Two other factors that make the race less appealing to those focusing on the Tour are the length of the race and the scheduling. The Tour of California features just eight stages over 1156km, whereas the Giro runs at 21 stages over 3446km. Recovering from the American race is therefore far less taxing.
“We need to revise the schedule to ensure that the best riders are racing the biggest races,” Vegni said. “With the calendar as is, that will never be possible.
“As it stands now, for the most part whoever rides the Giro doesn’t ride the Tour, and vice versa. We’re moving forward with the reforms but with great difficulty.”

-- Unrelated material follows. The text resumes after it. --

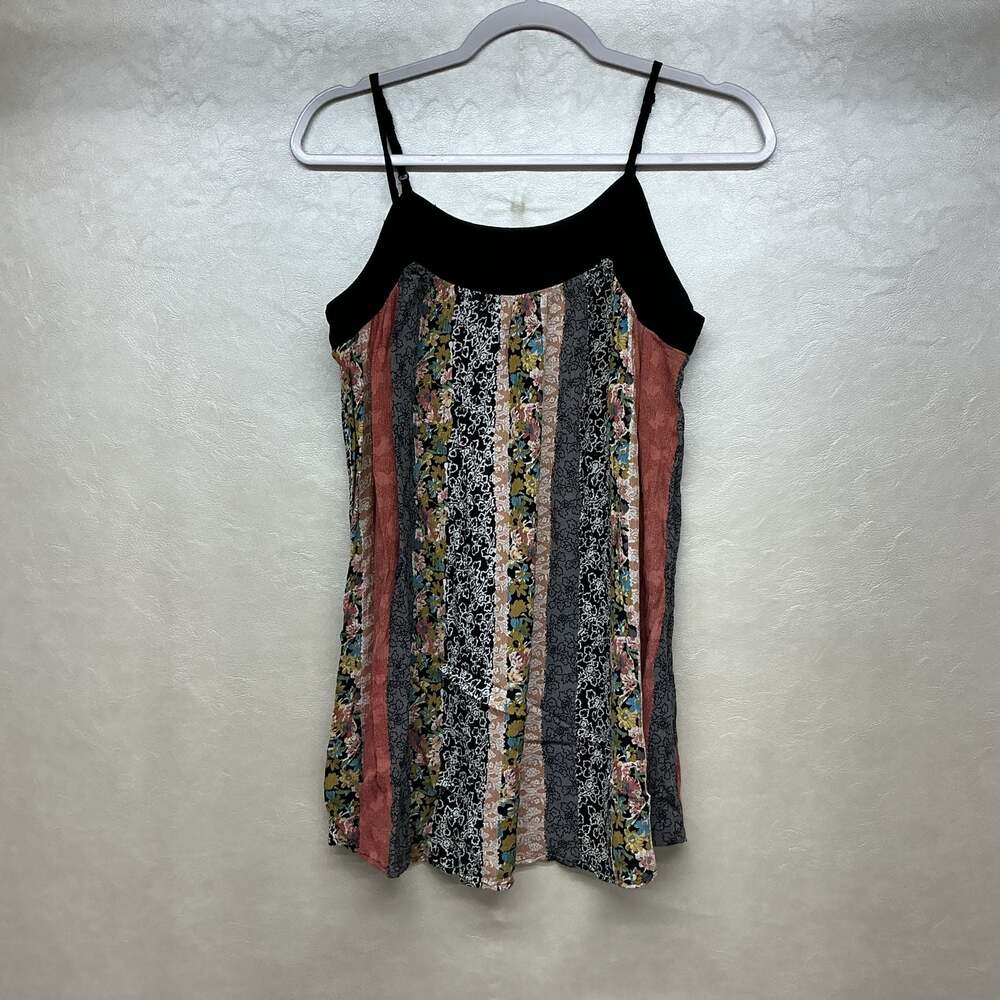 Umgee USA Women's S Black Multi Floral Print Striped Patchwork Cami Tank Top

So is the solution to move the Giro ahead, so it is run at least partly in April? Vegni points out the impossibility of that from his point of view, as that could result in even more adverse weather conditions than were witnessed in 2013.
A shorter race? Do that and you lose the essence of the Giro, and it is then in danger of no longer being a true Grand Tour.
Reading between the lines, it seems that Vegni is seeking a move for the Tour of California not the Giro, which makes sense.
Why not have the California race sometime around the Vuelta a Espana?
Then the riders will have the option of racing a shorter event and we won’t have to see the big names drop out of the Vuelta midway through to rest before the Worlds. Those who want to win the GC in Spain will still have the opportunity with a decent field to ride against.
Sure, even if the Tour of California was moved, the big GC guys for the Tour would in all probability still skip it to prepare more selectively for France. But at least the sprinters and all-rounders – men like Hushovd, Boonen and Van Avermaet – would probably make an appearance at the Giro.
It would be a travesty if the Giro were to go the way of the Vuelta, with dwindling crowds, severely diminished fields and a drop in interest from the television companies.
I feel the Giro is the best Grand Tour of the lot, far more robust than the Vuelta and with less of the circus feel that permeates the Tour. If it needs a helping hand to attract the bigger names, the UCI could do far worse than to provide that.